The equity structure seems very simple, which investors will appreciate. After the IPO, the company eliminated its preferred stock. The image below provides the equity structure:



Source: Prospectus

Impressive Revenue Growth And Gross Profit Margin

The revenue growth in 2018 has been quite impressive. In the nine months ended September 30, 2018, revenues were equal to $6.67 million, 240% more than that in the nine months ended September 30, 2017. The gross profit was also large. It amounted to $2.9 million, 1,218% more than that in the nine months ended September 30, 2017. While net losses increased to -$8.59 million in the nine months ended September 30, 2018, growth investors will not really care about them. Just revenue growth and gross profit margin matter here. If the company continues to deliver these growth figures, shareholders should benefit. The image below provides further details on this matter:

Source: Prospectus

The New Revenue Numbers And Valuation

The company expects to have revenues of $10 million for the year ended December 31, 2018. This amount of revenues would mean an increase of 209% y/y, which is massive. In addition, the gross profit margin is expected to be equal to 49%. Taking into account that this figure was equal to 10% in 2017, the new figures improve the financial performance of HyreCar quite a bit. The image below provides further details on this matter:



Source: Press Release



Source: Press Release

With 11.7 million shares outstanding at $4.26, the market capitalization equals $49 million. Deducting $8.6 million in cash, the enterprise value equals $40 million. Assuming forward revenues of $15 million, the EV/Sales ratio equals 2.6x, which seems very cheap. We are talking about a company growing revenues at 209% and having gross profit margin of 49%. Avis and Hertz are trading at about 0.9x-1.8x sales, but they have less revenue growth than that of HyreCar. The revenue growth of peers is below 10%. With this in mind, HyreCar seems undervalued at 2.6x. The company should be trading much higher than that. Investors should accept paying more than 2.6x, perhaps 4x-5x. The image below provides further details on this matter:

Source: Ycharts



Source: Ycharts

The Company Is Working On Operating Efficiencies

It is also quite beneficial that the company is working on operating efficiencies and expects to obtain positive CFO by mid-2019. This feature will interest a lot of value investors. The lines below provide further details on this matter:

“We are also realizing increased operating efficiencies as we scale, as shown by Gross Profit growing to $1.9 million. Now, with almost a year’s worth of growth capital currently in the bank, we are well positioned to reach our stated goal of positive operating cash flow by mid-2019.” Source: Press Release

The amount of efforts to be executed is not small. The company reported CFO of -$4.7 million in the nine months ended September 30, 2018. With this in mind, if the company reports positive CFO in 2019, the market reaction could be significant. The image below provides details on the cash flow statement reported in 2018:

Source: 10-Q

Conclusion And Risks

With an interesting business model that reports revenue growth of 209% and gross profit margin of 49%, HyreCar should draw the attention of growth investors. In addition, value investors should also study the company’s financial statements. HyreCar seems to be making efforts to report positive CFO by mid-2019, which should please those making DCF models.

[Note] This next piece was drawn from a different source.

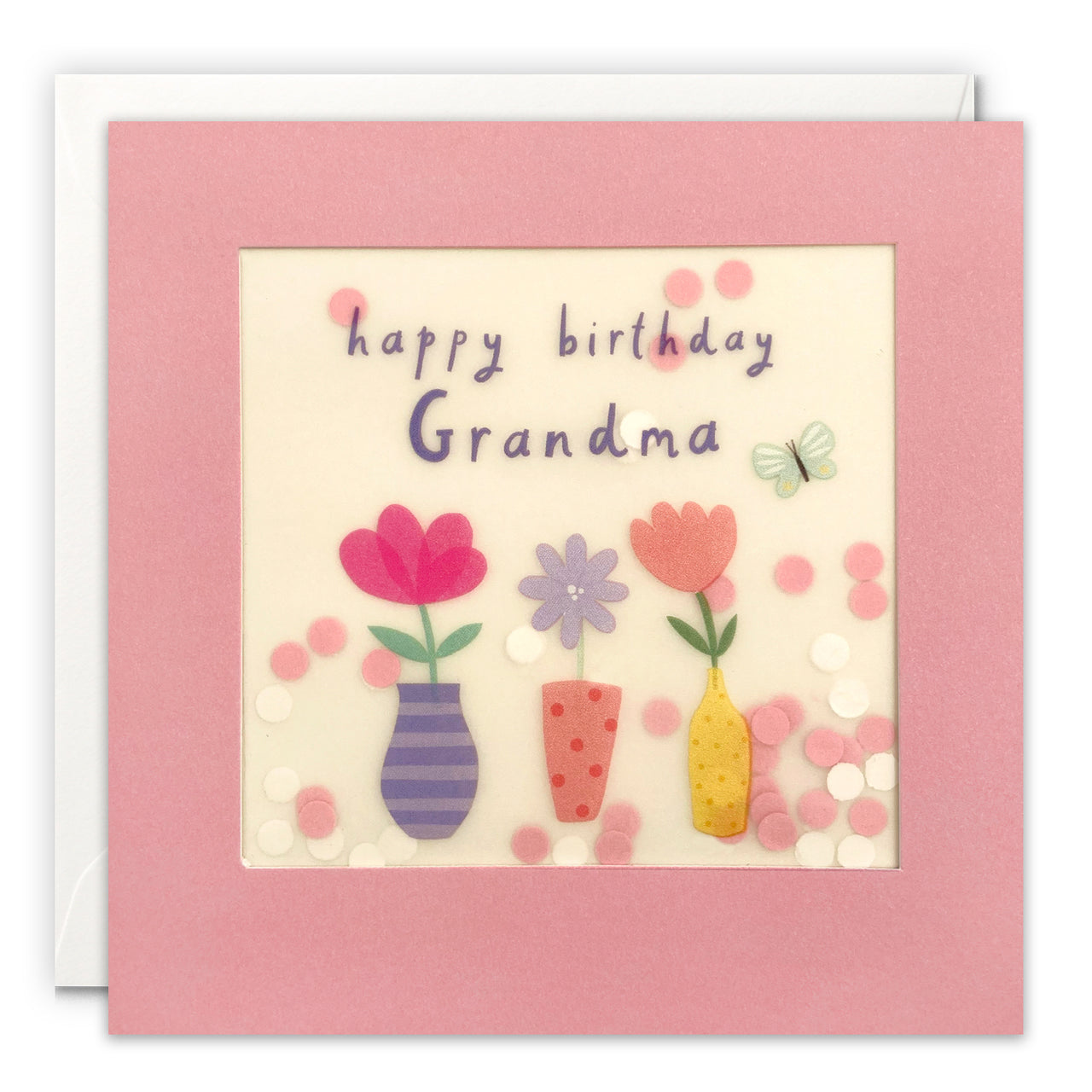 PP3593 - Grandma Flowers Paper Shakies Card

The shares seem undervalued at 2.6x forward sales. Avis and Hertz, which compete with HyreCar, are trading at 0.9x-1.8x sales and are reporting revenue growth below 10%. With these figures in mind, investors should accept that the company should trade at more than 2.6x.

The valuation made in this article uses financial statements that were not audited. HyreCar expects to release its annual report with annual figures in March 2019. It is not likely, but the company may provide different numbers. In this particular case, the market could react very negatively.

Disclosure: I/we have no positions in any stocks mentioned, and no plans to initiate any positions within the next 72 hours. I wrote this article myself, and it expresses my own opinions. I am not receiving compensation for it (other than from Seeking Alpha). I have no business relationship with any company whose stock is mentioned in this article.